Mriga: Quando os homens virem que não podem viver num mundo sem mulheres, quando o país ver o poder que as mulheres têm na sociedade, a contribuição que elas dão à economia, haverá um aumento no respeito para com as mulheres. As mulheres não serão mais percebidas como impotentes e incapazes. O mundo saberá que vamos nos levantar contra qualquer injustiça, que vamos ficar unidas e retaliar.

Vocês farão outras greves?
Prajakta: Sim, certamente! Não vou desistir disso. É hora de percebermos a força dentro de nós.

Mriga: Precisamos de uma resposta forte o suficiente para podermos levar isso a um nível maior. O Mulheres em Greve quer chegar à raiz do problema, não somente tocar na questão superficialmente.

O que é preciso para mudar a cultura do estupro em nossa sociedade?
Prajakta: Leis precisam ser revistas. Autodefesa, autoconfiança, respeito e apoio de todos são como armas para se proteger do estupro.

Mriga: Ninguém pede para ser estuprada.
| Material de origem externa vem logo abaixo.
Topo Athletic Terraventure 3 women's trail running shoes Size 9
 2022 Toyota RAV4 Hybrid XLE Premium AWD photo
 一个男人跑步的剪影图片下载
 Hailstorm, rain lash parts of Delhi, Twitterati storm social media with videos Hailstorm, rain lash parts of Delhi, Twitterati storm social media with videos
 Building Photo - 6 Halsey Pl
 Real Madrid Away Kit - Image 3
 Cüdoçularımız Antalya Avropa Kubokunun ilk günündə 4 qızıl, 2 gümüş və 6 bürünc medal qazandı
É minha escolha, meu conforto e minha liberdade se quero usar uma minissaia ou se quero me sentar em algum lugar sozinha tarde da noite. Isso não justifica o estupro de maneira nenhuma. A mentalidade básica de que “ela pediu por isso” tem que acabar. Podia muito bem ter sido você. E enquanto um indivíduo estiver disposto a lutar, isso não será uma causa perdida. Levou 200 anos, mas conseguimos nossa liberdade da Inglaterra. Pode levar anos e muito esforço, mas acredito que vamos vencer isso também.